The Nidd Gorge in Harrogate is hugely popular with dog walkers and the area was developed further with the opening of a greenway that runs from Starbeck through to Ripley.
The Bilton Conservation Group have been helping protect and maintain the rural environment of the Nidd since 1982. Most recently the group have been looking at the risk posed to the area with housing. Their approach has been to evaluate and develop a strategy involving engagement with the parties involved.
During January 2017, a further group was formed, under the banner of the Nidd Gorge Community Action. They have events planned this weekend with a display of the issues the area faces and a massed dog walk.
The area has been earmarked as a possible route for a relief road. The route would link Bilton Lane towards Killinghall, but the plans are in very early days – This is a County Council development, as part of their responsibility for Highways.
The area is also not a designated green space and, in the development of the local development plan, a possible area for future housing – This is a Borough Council development, as part of their responsibility to develop a local plan, identifying possible land for housing.
The action is premature say County Council as ideas and proposals are still in the very early stages of development.
North Yorkshire Council’s Executive member for Highways Don Mackenzie said:My advice to those who are manning the barricades is to calm down.
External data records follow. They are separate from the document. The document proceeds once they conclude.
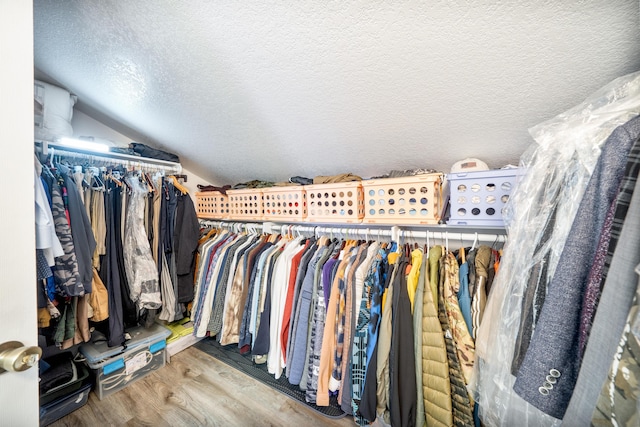 spacious closet featuring wood finished floors and lofted ceiling
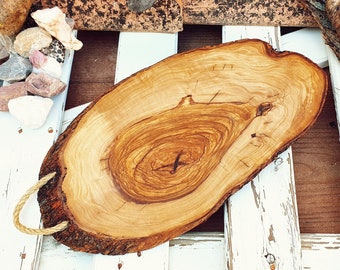 Rustic Olive Wood Chopping Board With Rope Hanging Chopping Board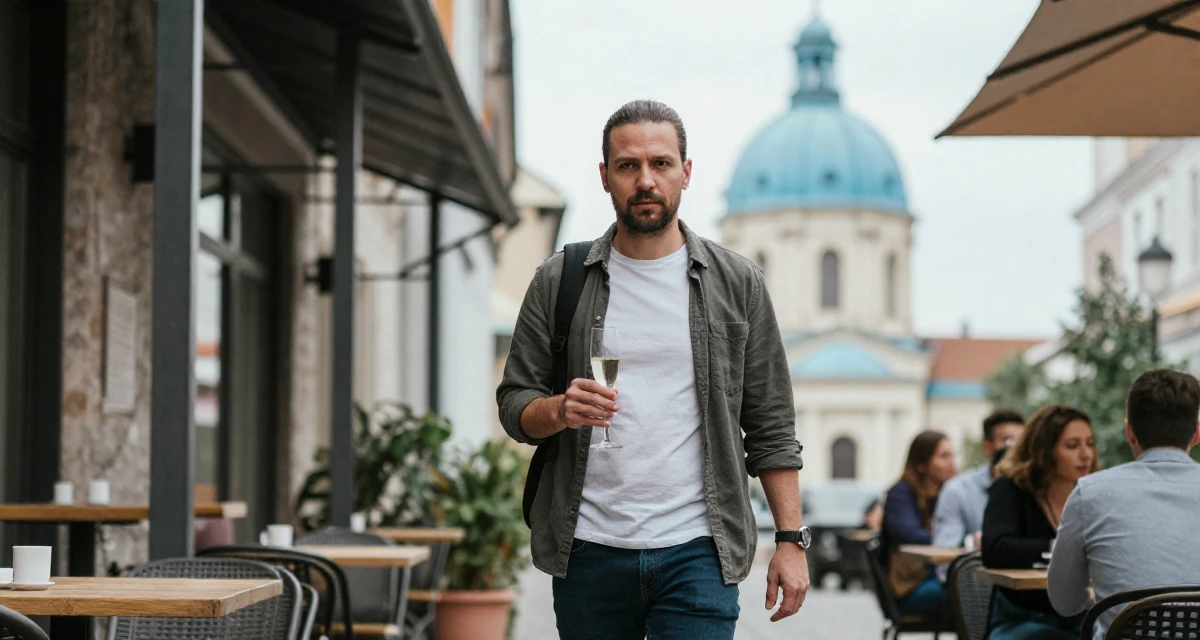 A determined male From Hungary, majored in communication strategy in their 30, recovering workaholic learning to relax, wearing a comfortable urban casual outfit, holding a champagne glass in a cozy café.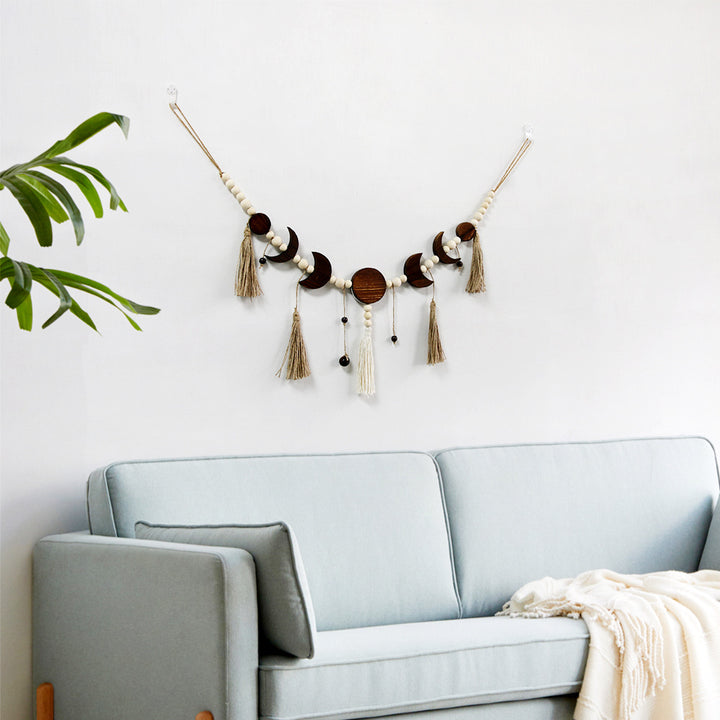 Macrame Wall Decor with Moon Motif
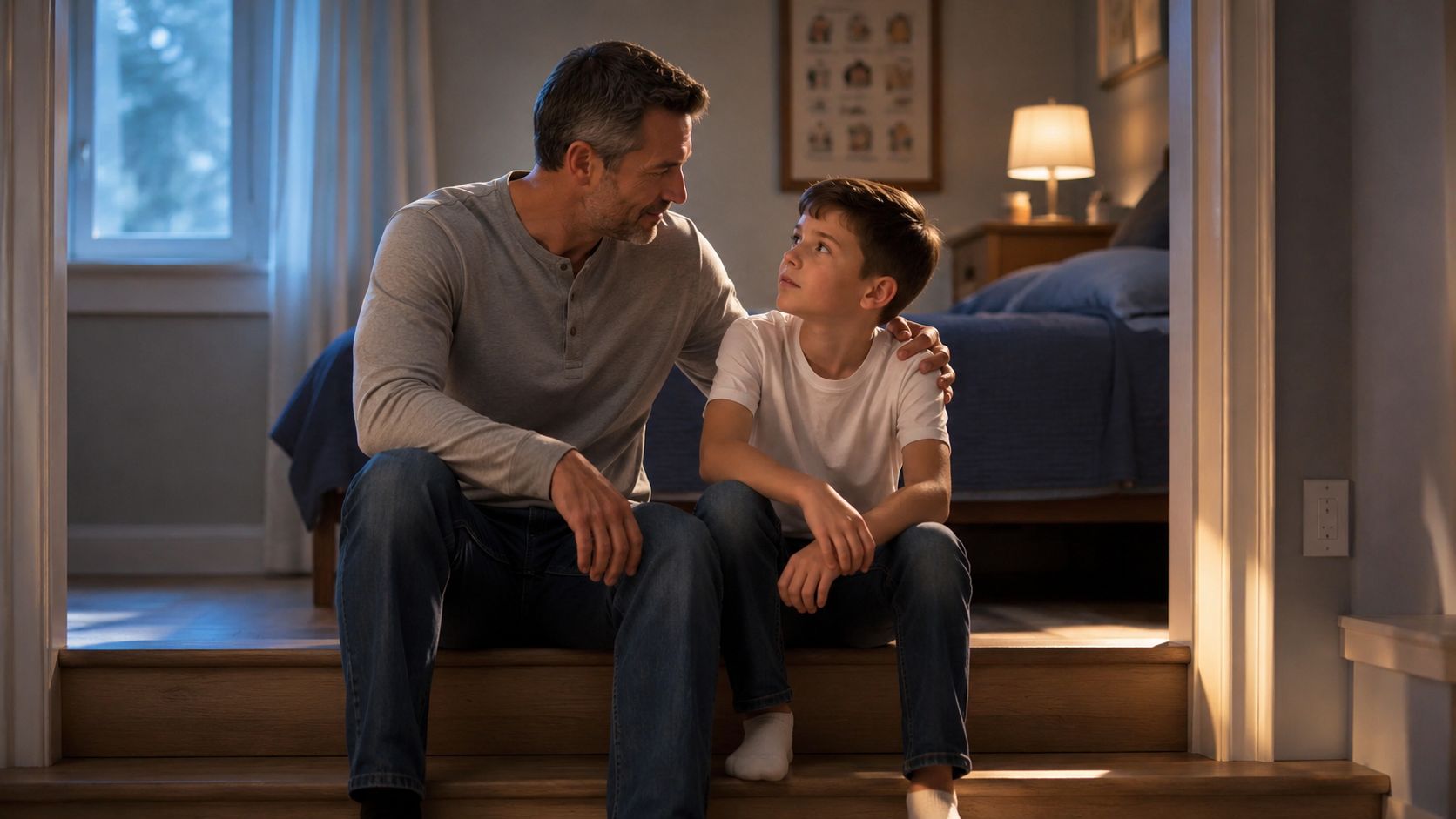 A father and son sitting together on stairs in a cozy home, engaging in a meaningful conversation.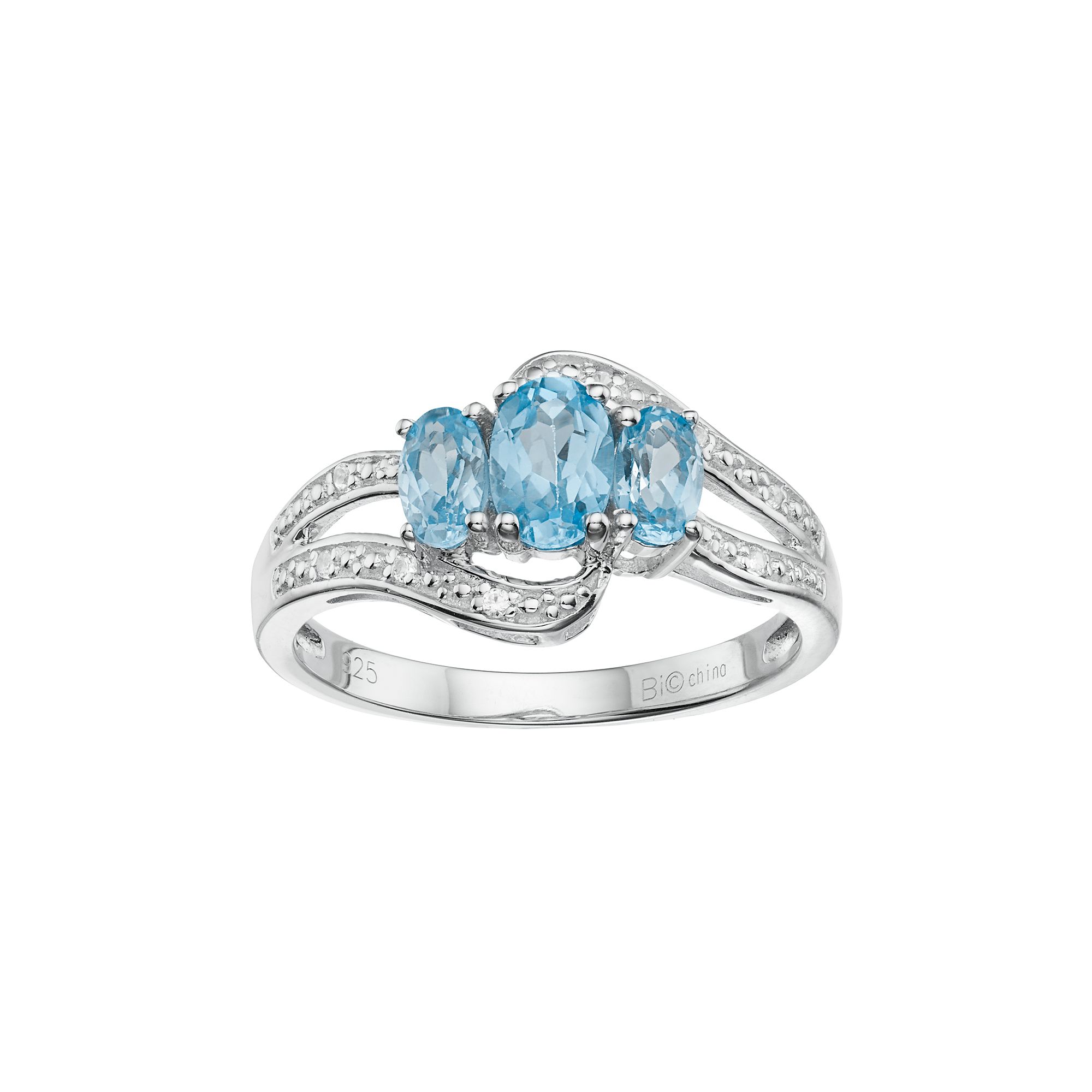 Gemminded Sterling Silver Blue & White Topaz 3-Stone Bypass Ring, Womens,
We are simply at the start of a very long process which is unlikely to lead to any new road for a very long time – say 10 years. If this new group wishes to remain in a state of high excitement for the next several years then so be it. But they should not be alarming local residents with bogus warnings of diggers arriving in the Nidd Gorge any time soon.
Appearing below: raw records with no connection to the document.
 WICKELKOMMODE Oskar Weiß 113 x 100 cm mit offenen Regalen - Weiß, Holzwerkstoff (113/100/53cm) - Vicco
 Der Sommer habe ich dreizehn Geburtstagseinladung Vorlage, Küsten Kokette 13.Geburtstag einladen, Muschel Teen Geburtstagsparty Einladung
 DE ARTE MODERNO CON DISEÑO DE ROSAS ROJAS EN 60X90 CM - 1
The County Council has a duty to explore all options to reduce congestion on our existing highways network. One of those options is the construction of a relief road. Whether the Steering Group which I chair decides to recommend to the County Council that a new road is the right option remains to be seen. We will be studying a great deal of data provided by highways officers. If we decide it is, there will be consideration of which of the route options for that new road offer(s) the best solution to reducing congestion in both Harrogate and Knaresborough.
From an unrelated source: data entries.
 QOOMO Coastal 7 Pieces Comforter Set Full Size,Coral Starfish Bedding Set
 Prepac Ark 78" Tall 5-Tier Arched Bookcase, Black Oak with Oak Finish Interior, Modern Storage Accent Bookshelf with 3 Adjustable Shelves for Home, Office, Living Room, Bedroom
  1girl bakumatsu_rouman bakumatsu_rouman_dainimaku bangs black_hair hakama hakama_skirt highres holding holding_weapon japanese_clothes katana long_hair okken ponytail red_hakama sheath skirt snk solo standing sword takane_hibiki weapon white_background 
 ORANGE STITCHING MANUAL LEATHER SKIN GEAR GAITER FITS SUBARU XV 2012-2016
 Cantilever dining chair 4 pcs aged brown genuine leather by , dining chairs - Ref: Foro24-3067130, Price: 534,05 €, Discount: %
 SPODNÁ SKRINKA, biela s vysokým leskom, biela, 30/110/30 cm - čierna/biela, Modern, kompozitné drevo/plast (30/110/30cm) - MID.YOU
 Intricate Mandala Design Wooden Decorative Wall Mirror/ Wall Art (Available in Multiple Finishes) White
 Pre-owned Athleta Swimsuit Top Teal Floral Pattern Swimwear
We are well aware of the importance of the Nidd Gorge and of the Nidderdale Greenway. The self-styled saviours of Nidd Gorge should remember that two members of the Steering Group – Michael Harrison and I – were the elected members who drove what was then called the Bilton to Ripley Cyclepath through to its final realisation. Having devoted so much time from 2006 to 2011 on the project, we are not intent now upon causing it damage.
Similarly, we recognise the importance of the Nidd Gorge as a green space between Harrogate and Knaresborough. Any decision on a preferred route – which would only be taken after detailed consideration of all factors, and after keeping all residents fully informed – would take environmental issues foremost into account.
We are also aware that problems of congestion can be tackled by persuading people to abandon their cars and take to their bicycles or to their feet, but there are many residents who believe that is not a practicable and total answer. Most residents are of the opinion that at the same time improvements need to be made to the highways infrastructure and it is perfectly understandable why they should think so.
Having listened to the views of many Bilton residents over many years, most express their concerns about ever-rising levels of congestion on Skipton Road. We owe it to them and to all our residents to tackle that problem by exploring all options.
It has not been able to obtain comment from the Nidd Community Action Group.